The persona melded with the man; Hart is remembered as a philanthropic gentleman, a proponent of clean living. But a tale from Prohibition-era Victorville hidden within the pages of his memoir, “My Life East and West,” humorously challenges that notion.

In the winter of 1920, the 56-year-old Hart spent a day in an icy Sacramento River filming scenes for “White Oak,” released the following year by Paramount Pictures. The nearly frozen river proved costly.

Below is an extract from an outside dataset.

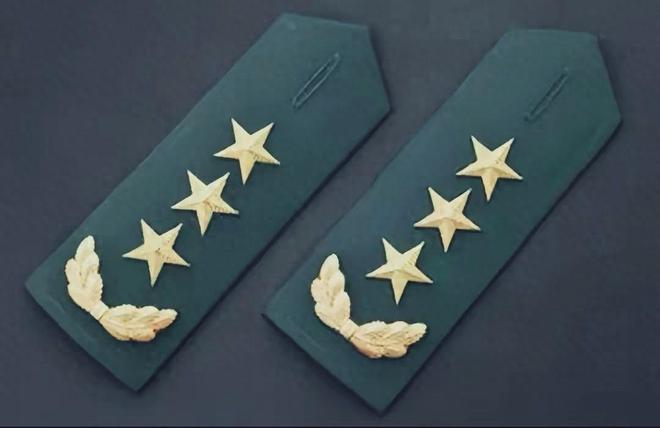 全国佩戴这个军衔的现役军官，只有30几个人。要想挂这个肩章，至少是正战区级军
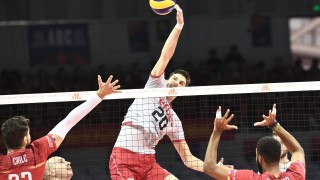 Българският волейболен национал Алекс Грозданов направи трансфер като премина от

“I should have gone to bed; instead of that we went to Victorville for our desert scenes,” Hart wrote. “The river scenes were only the start of the story, but they came mighty near finishing it, for at Victorville my sister Mary made me smoke that little glass cigarette and it registered one hundred and three.”

Poor Hart was laid up in the Stewart Hotel on D Street for three days with pneumonia. He received care from Harris Garcelon — the region’s only doctor — who introduced the actor to the Victor Valley years before, according to historian Dr. Edward Leo Lyman.

Meanwhile, Hart’s “company could not work” without their star, so they bummed around the city, loitering in Forrest Park.

This idleness led to an unexpected discovery of what Hart described as “ninety-seven million gallons of the finest Mexican wine” stowed in one of the rail cars of a stopped Santa Fe freight train.

“Where was it going, I don’t know,” Hart wrote. “I only know it never arrived there, and that through the medium of several short pieces of garden hose, enough wine was siphoned out of that oil car to irrigate the Mojave Desert.”

Alcohol was illegal and all, but illegalizing anything rarely gives pause to those in want. Hart’s boys scrambled for buckets, milk pans, garbage pails and washtubs, brimmed their receptacles and went on a two-day bender, transforming city streets into a “public dance-hall.”

“The more timid citizens telephoned to San Bernardino, forty miles away, for help,” Hart wrote. “The sheriff and twenty deputies, all armed to the teeth, arrived on a special train. They did not need guns. They needed many husky men and many stretchers.

“The merrymaking had ended. Every foot of available space outside or inside at Victorville was occupied by a sleeping cowboy. The courthouse was full — the jail was full. Nothing was sacred to those Bacchanalian inebriates.”

Hart wasn’t guiltless, though. He too partook and did so in front of Walter A. Shay, who served as San Bernardino County’s sheriff from 1918 to 1931.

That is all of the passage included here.